Money Market vs. Savings Account

Which of these bank accounts will better meet your needs? Find out here.

GettyImages-882268284
GettyImages-882268284

Image source: Getty Images

Many savers have noticed that banks are finally starting to boost their interest rates on the accounts that they offer. If you want your savings to generate valuable income for you, then finding out how to get the most possible from your bank is crucial. But many banks offer several different types of accounts. One of the most confusing issues that can come up for savers is what the difference is between a money market account and a savings account.
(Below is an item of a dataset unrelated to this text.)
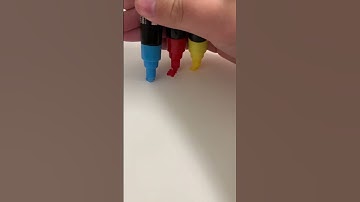 Drawing, but with my 3 Amazing Posca markers! 🤤Very Satisfying! 🤤 #shorts #viral #asmr #satisfying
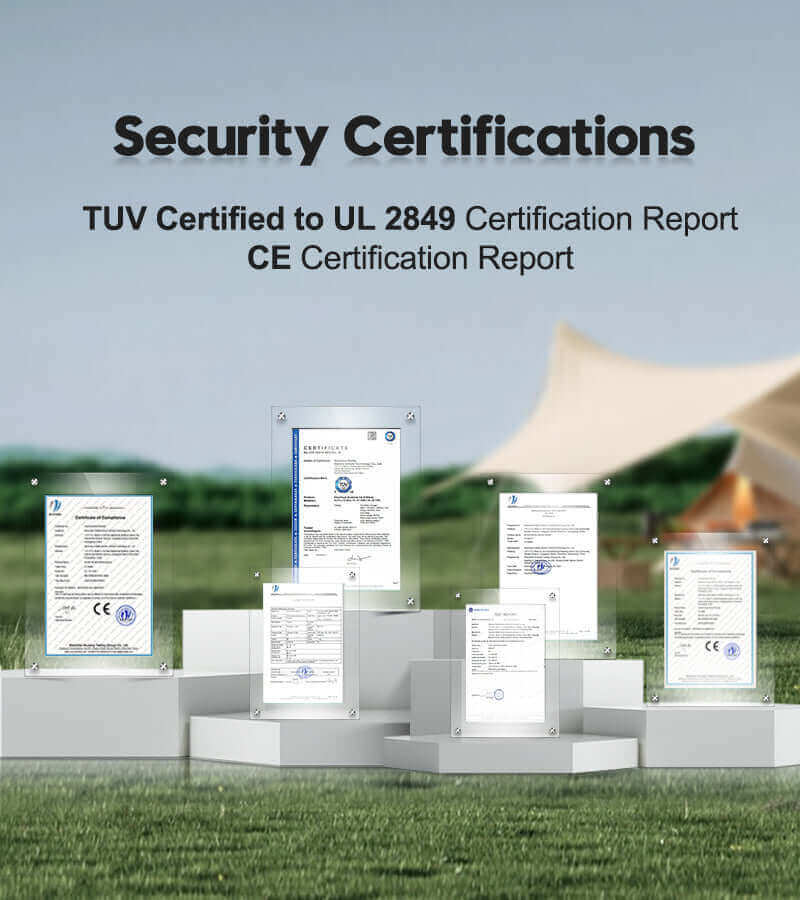 Wallke – CE, EN15194, TUV, UL2849, GCC certified. SAMSUNG battery cells (UL2580, UN38.3, MSDS, UL certified) with TUV-certified controller.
Money market accounts and savings accounts have a lot in common at most banks. The way they work, though, has some subtle distinctions that make it important not to confuse the two. Choosing between a money market account and a savings account requires thinking about exactly what your specific needs are and then seeing which of the two bank products works better to meet them. Below, we'll take a closer look at money market and savings accounts to compare and contrast their features.

The basics of savings accounts

Savings accounts are a typical entry-level option for savers who want the security of a bank account but want to receive interest on their savings. Money that you deposit in a savings account earns whatever rate of interest the bank sets, and you can generally add to or withdraw from the savings account at any time without penalty.

You'll find a wide variety of interest rates on savings accounts depending on the bank and the exact requirements of the account. Basic savings accounts that have low or no minimum balances typically pay the lowest interest rates. Most banks also offer high interest savings accounts that have higher rates, but they also typically come with more onerous requirements. For instance, a high interest savings account might require a fairly high minimum balance, or you might have to have other relationships with the bank -- such as a mortgage or a checking account -- in order to have access to the higher rates that these upper-tier savings accounts pay. If you don't meet the minimum balance requirements, then your bank might charge you a monthly maintenance fee or some other charge.

One key attraction of savings accounts is that your money is protected in the event that something happens to your bank or credit union. As long as your financial institution is included in their coverage, then the Federal Deposit Insurance Corporation will protect up to $250,000 of your money at any given bank. Those who use credit unions typically enjoy similar coverage from the National Credit Union Administration. The $250,000 limit applies to the total of all of your accounts with the bank, not each individual account. So if you have $250,000 in a savings account and another $100,000 in a certificate of deposit at the same bank with the two accounts in the same name, then the insurance protection will only apply to a total of $250,000 -- not the entire $350,000 you have on deposit in your multiple accounts.